After final preparations in Australia, two Sea Shepherd vessels are now on their way to the Southern Ocean to intercept the Japanese whaling fleet in a bid stop their slaughter of minke whales, Sea Shepherd Global said.
The marine conservation organization’s flagship vessel the Steve Irwin departed for their 11th whale defense campaign, Operation Nemesis, on Saturday from Seaworks, Williamstown in Melbourne, followed by the fast patrol vessel the Ocean Warrior, which departed from Hobart, Tasmania on Sunday.
The ships are sailing to the Southern Ocean in an effort to prevent the Japanese whaling fleet, which left Japan on November 18, from killing up to 333 minke whales.
“Sea Shepherd shouldn’t have to be taking on the whalers again this summer,” Peter Whish-Wilson, Australian Senator, said.
“Australia won the International Court of Justice case against Japan, but unfortunately the government put trade deals ahead of whales and removed all diplomatic pressure,” Whish-Wilson added.
“It’s time that Japan respected the International Court of Justice, the Australian Federal Court, and the global moratorium on commercial whaling and ended their so-called scientific lethal hunting of whales off the Antarctic coast,” Jeff Hansen, Managing Director of Sea Shepherd Australia, said.
Sea Shepherd said that this is the second time the illegal Japanese whaling fleet has returned to the Southern Ocean since the 2014 International Court of Justice ruling.

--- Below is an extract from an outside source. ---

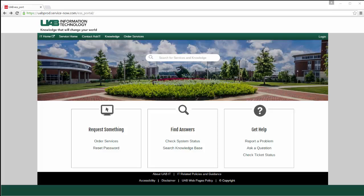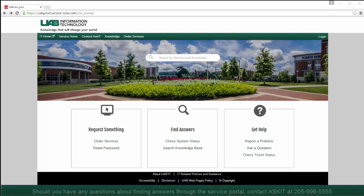If you have additional questions about finding answers through the IT Service Portal, contact AskIT at 205-996-5555.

The move comes after 333 minke whales were killed in Japan’s latest Antarctic Ocean “research mission” earlier this year.
Prior to the launch of the earlier whaling season, Japan’s Ministry of Foreign Affairs said that the country plans to catch up to 333 minke whales on an annual basis in the following 12 years.
Japan’s “scientific research” program used to justify the killing of whales has been rejected by the International Court of Justice and the International Whaling Commission’s scientific committee. In 2015 the Australian Federal Court fined the Japanese whalers AUD 1 million for hunting within an Australian whale sanctuary, however it remains unpaid, Sea Shepherd Global informed.